Battle lines will also be drawn between the ‘in’ and ‘out’ campaigns when it comes to demographics. The latest ORB survey indicates that only 31% of 18-24 year-olds favour ‘Brexit’, yet the figure increases twofold in the 65+ age group, soaring to 62%. Therefore, if the ‘in’ campaign manages to coax the youth to the ballots, the result of the referendum should favour the ‘inners’. The importance of this to the ‘in’ campaign can be seen by how hard the Lords are fighting to extend the franchise to 16 year olds for the referendum.

Euro crises

External developments may also sway swing voters one way or the other in the ‘Brexit’ referendum. Currently, the EU is facing pressures on many fronts: the poor handling of the Greek crisis, the sluggish growth rate of its economy, its impotence in the face of the refugee crisis and its inability to contain the immediate terrorist threat, to name but a few.
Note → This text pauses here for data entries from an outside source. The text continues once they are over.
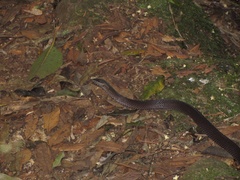 Cacophis squamulosus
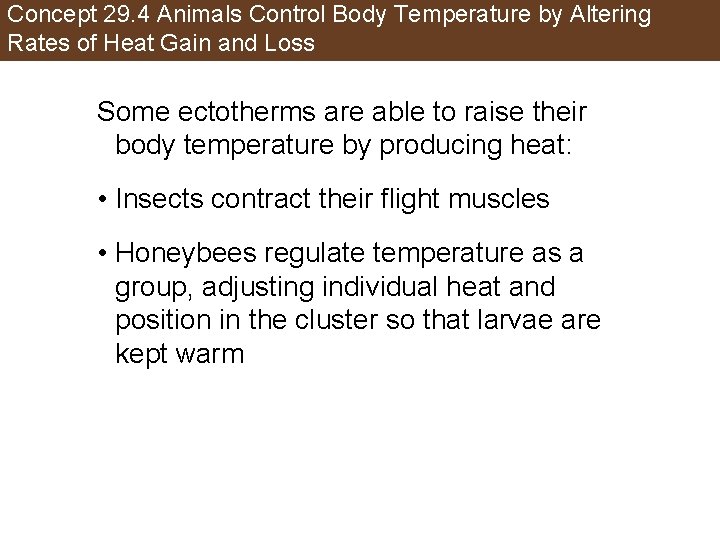 Concept 29. 4 Animals Control Body Temperature by Altering Rates of Heat Gain and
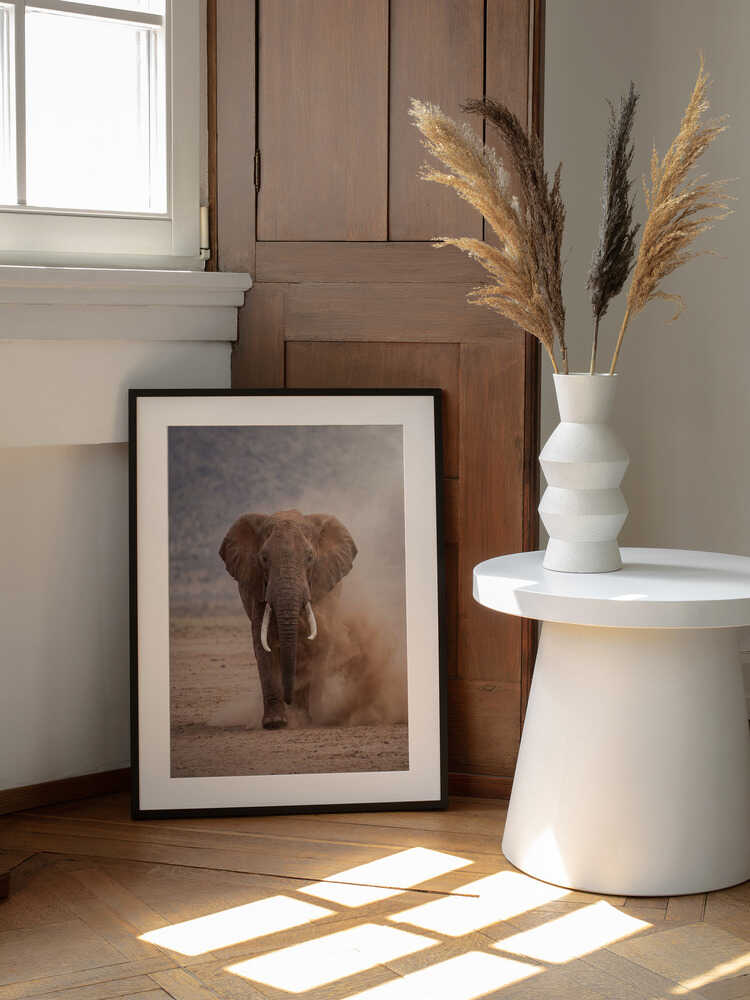 Powerful Dusty Elephant, arte de Andreas Magnusson enmarcado en una pared
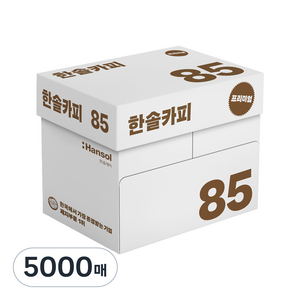 한솔제지 복사용지 85g, A4, 5000개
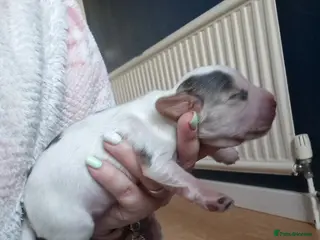 Cocker Spaniel dogs 4x show cocker spaniel puppies. - Advert 10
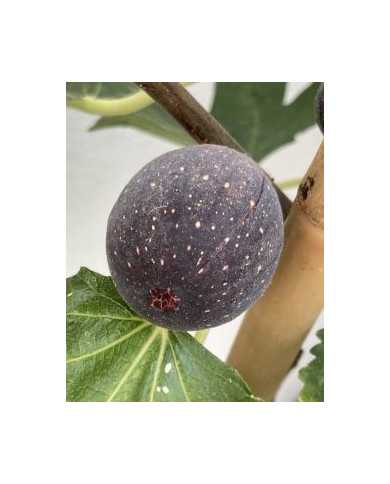 Bio Feige Steckholz Little Miss Figgy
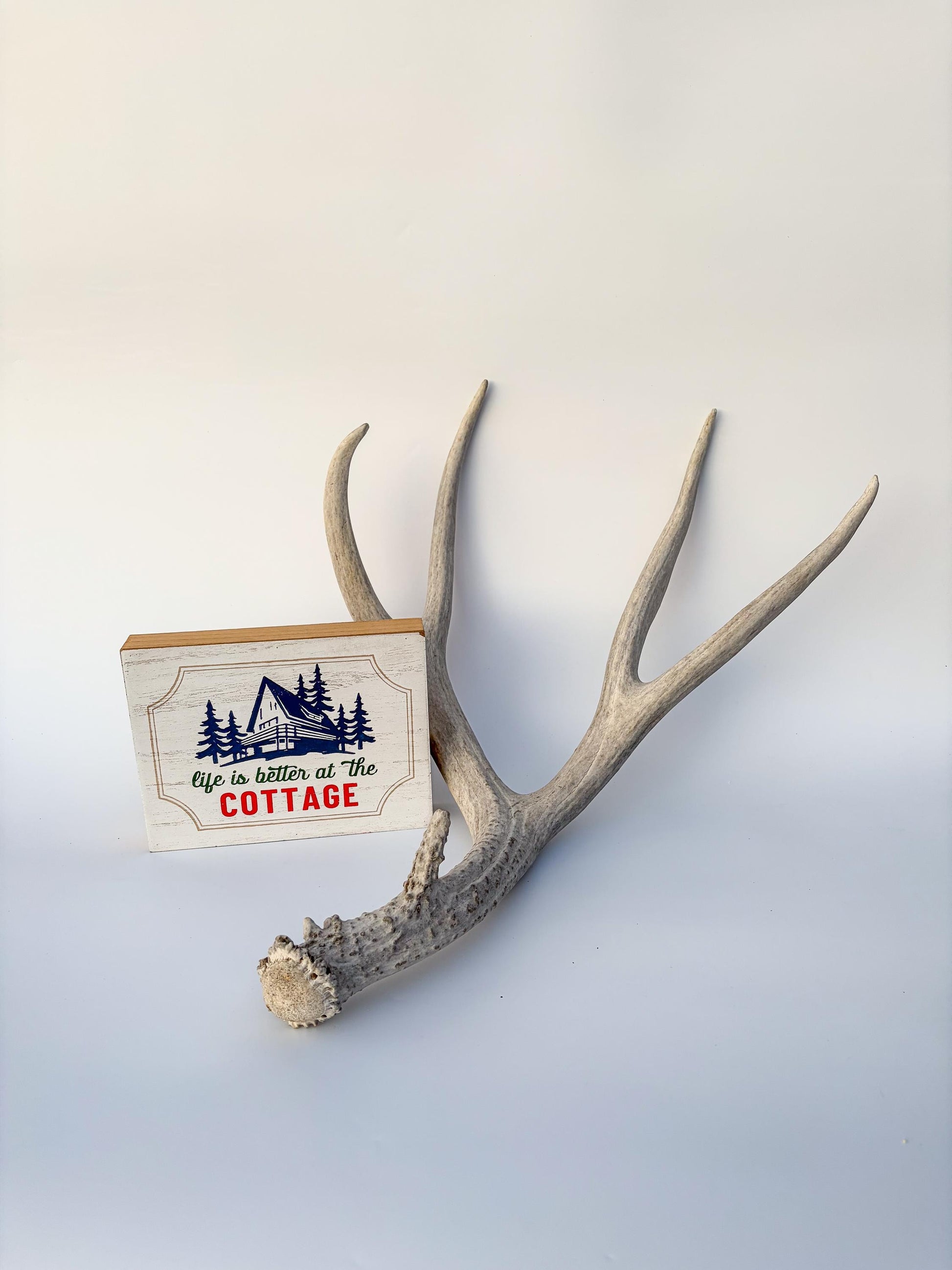 Mule deer antler. Large deep forked antler ideal for rustic style decor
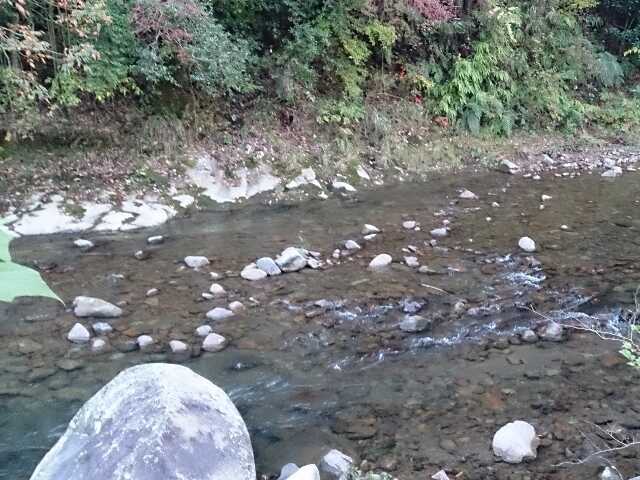 尾鈴キャンプ場の写真 1枚目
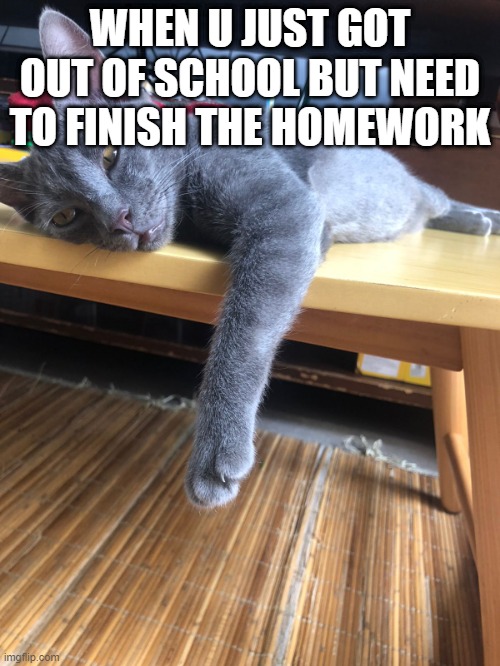 School ughh | WHEN U JUST GOT OUT OF SCHOOL BUT NEED TO FINISH THE HOMEWORK | image tagged in cute cat,funny memes,school | made w/ Imgflip meme maker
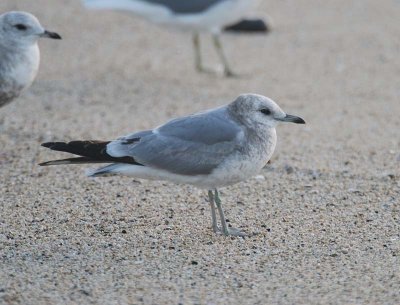 Short-billed Gull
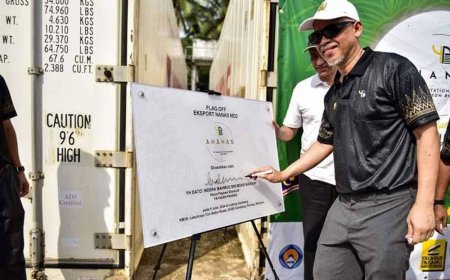 Yayasan Pahang eksport nanas ke pasaran UAE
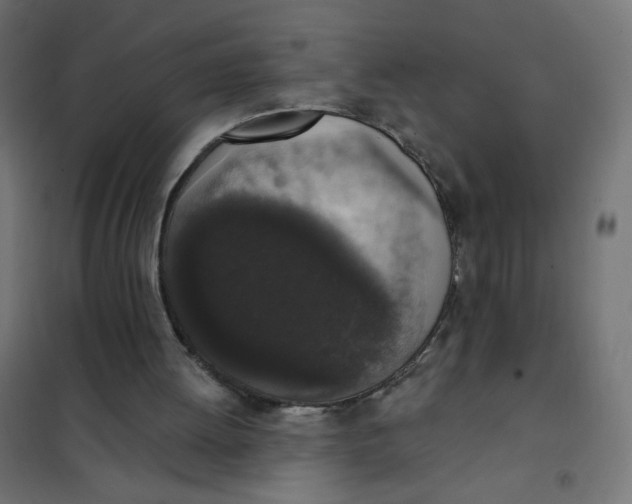 X0000101400052200807281012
Should the EU find effective solutions to these multi-faceted challenges, the European integration project will regain its credibility and once again appear attractive in the eyes of Britons.
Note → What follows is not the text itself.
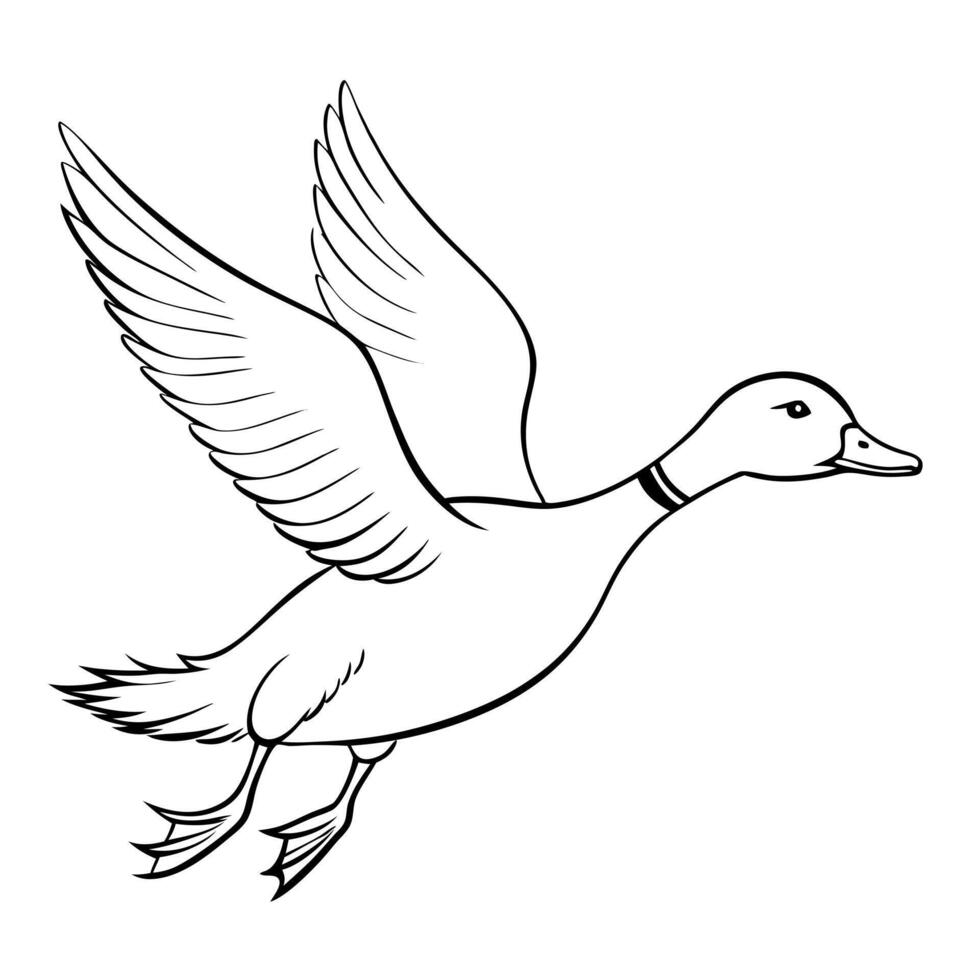 a wigeon is jamping, illustration line art vector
On the other hand, if it fails to deal with these problems, or if they are further exacerbated (for instance, by Greece leaving the Eurozone or by more terrorist attacks in European cities), the EU’s appeal will quickly diminish to the point that ‘Brexit’ becomes inevitable.

Conclusion

In light of the EU’s lacklustre performance in many areas crucial to the well-being of its peoples, ‘Brexit’ has ceased to be a mere political fantasy. While there are many factors to consider when predicting whether Britain will stay in or opt out of the EU, it seems most likely that the ‘status quo bias’ will ultimately decide Britain’s future. This does not mean that all is lost for the ‘Out’ Campaign – if they can consistently overshadow the ‘in’ campaign, or if the EU’s credibility is further undermined by the timing of the referendum, the public may be less opposed to change.